-- Given records --
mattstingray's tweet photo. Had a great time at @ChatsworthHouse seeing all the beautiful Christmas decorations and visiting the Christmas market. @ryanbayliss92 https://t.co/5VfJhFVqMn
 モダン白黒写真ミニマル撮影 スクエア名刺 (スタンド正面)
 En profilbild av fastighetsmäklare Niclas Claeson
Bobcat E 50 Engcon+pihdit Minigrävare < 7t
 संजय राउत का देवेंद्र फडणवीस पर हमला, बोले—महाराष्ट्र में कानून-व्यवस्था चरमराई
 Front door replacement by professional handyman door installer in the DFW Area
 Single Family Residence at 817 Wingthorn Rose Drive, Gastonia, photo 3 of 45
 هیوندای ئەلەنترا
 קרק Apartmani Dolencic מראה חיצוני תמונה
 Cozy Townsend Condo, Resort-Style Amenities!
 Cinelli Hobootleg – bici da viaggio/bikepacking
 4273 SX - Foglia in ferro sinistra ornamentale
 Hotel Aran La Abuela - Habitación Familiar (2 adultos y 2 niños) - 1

-- Problem description --
Send back exactly the lines of the listing above starting at the one with "Front door replacement" and ending at the one with "4273 SX - Foglia", inclusive, and no others.

-- Written reply --
 Front door replacement by professional handyman door installer in the DFW Area
 Single Family Residence at 817 Wingthorn Rose Drive, Gastonia, photo 3 of 45
 هیوندای ئەلەنترا
 קרק Apartmani Dolencic מראה חיצוני תמונה
 Cozy Townsend Condo, Resort-Style Amenities!
 Cinelli Hobootleg – bici da viaggio/bikepacking
 4273 SX - Foglia in ferro sinistra ornamentale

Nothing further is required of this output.